By 1883, they reluctantly returned to England. In May 1886, Stillman was appointed the Italian and Greek correspondent for The Times. With a base in Rome, he travelled there with daughters Lisa and Bella, while Spartali Stillman stayed in London with the younger children. The 1880s were a productive painting period for Spartali Stillman: Love’s Messenger (1885); Dante at Verona (1888); Messer Ansaldo Showing Dianora his Enchanted Garden (1888); and The First Meeting of Petrarch and Laura in the Church of Santa Chiara, (1889) were all completed in London.
The family’s Roman sojourn ended when Stillman retired in 1898 and they settled in Surrey. Spartali Stillman continued to paint until her death (aged 83) on 6 March 1927 at the London home of her stepdaughter Bella. She was buried at Brookwood Cemetery in Surrey, alongside her husband.
The Shrubbery, a grand mansion in Battersea, which Marie’s father owned from 1864 until 1885, was her London home until her marriage in 1871. Her connection to the house then continued for the next 14 years. It is associated with two important aspects of her life: first, as a young woman, when she was a model for Pre-Raphaelite artists; and secondly, when she began to establish her reputation as an artist. The Shrubbery was her base from which she painted, prepared her works for exhibition, and sent items out for display.
In her lifetime, Spartali Stillman was recognised for two roles within the Pre-Raphaelite circle: as an admired painter in watercolour and as an artist’s model. She was one of a small number of professional women artists in the late 19th century and successfully exhibited in galleries in London, Liverpool, Manchester and America. Within her lifetime, women painters were regarded as amateurs and critical response to her work was mixed; George Bernard Shaw pointed out ‘technical infirmities’ in her work but thought her paintings had ‘a rare quality of being memorable’ (The World, 16 May 1888).
After her death, interest in the PRB grew. Yet the stories of their life and loves, entwined with the women portrayed in their paintings, often overshadowed any appreciation of the women. Hence, little was written of Spartali Stillman as an artist. Critical attention reassessed this in the later 20th century with the development of academic studies into women’s history. The Manchester exhibition ‘Pre-Raphaelite Women Artists’ (1998) highlighted this change and her works are now included in major group exhibitions on the Pre-Raphaelites. A dedicated show at the Delaware Art Museum in the United States – which holds the largest public collection of her art – travelled to the Watts Gallery, Surrey (2015).

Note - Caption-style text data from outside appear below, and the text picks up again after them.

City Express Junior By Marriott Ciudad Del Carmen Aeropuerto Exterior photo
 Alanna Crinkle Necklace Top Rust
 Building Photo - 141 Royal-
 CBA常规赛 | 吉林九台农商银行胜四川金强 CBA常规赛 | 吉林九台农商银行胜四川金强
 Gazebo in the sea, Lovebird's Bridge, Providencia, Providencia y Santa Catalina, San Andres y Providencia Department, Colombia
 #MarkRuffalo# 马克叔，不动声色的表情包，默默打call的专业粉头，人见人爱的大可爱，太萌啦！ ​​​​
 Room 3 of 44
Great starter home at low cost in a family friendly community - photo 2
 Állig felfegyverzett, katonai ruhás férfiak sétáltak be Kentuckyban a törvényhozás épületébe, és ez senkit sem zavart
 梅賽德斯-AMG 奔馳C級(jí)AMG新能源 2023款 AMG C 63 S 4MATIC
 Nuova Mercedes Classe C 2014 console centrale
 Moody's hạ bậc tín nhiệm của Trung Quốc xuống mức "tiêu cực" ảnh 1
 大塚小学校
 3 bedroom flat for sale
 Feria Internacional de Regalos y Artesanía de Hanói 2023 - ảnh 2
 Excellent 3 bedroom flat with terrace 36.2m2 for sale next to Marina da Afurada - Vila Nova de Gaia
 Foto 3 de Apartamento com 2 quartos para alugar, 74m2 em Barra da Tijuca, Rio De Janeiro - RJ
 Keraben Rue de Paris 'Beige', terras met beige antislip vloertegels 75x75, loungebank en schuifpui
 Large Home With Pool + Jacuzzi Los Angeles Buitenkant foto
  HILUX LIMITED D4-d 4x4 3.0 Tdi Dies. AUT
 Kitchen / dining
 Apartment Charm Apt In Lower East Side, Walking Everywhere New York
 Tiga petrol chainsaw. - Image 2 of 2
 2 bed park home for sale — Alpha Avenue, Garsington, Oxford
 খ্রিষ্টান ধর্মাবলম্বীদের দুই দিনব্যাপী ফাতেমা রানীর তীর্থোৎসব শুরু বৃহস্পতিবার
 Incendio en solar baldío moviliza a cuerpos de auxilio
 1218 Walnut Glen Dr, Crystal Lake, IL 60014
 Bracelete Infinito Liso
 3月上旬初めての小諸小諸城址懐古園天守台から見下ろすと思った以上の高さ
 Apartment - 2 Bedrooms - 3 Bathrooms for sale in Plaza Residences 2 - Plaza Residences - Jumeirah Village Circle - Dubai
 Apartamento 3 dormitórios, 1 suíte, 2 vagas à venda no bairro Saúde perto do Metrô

More recently, she was selected as one of 12 women to be shown in ‘Pre-Raphaelite Sisters’ (National Portrait Gallery, 2019). An illustrated biography shared with her husband (A Pre-Raphaelite Marriage, by David Elliott, 2006), and entries in the Oxford Dictionary of National Biography and in specialist compendiums have further established Spartali Stillman’s reputation.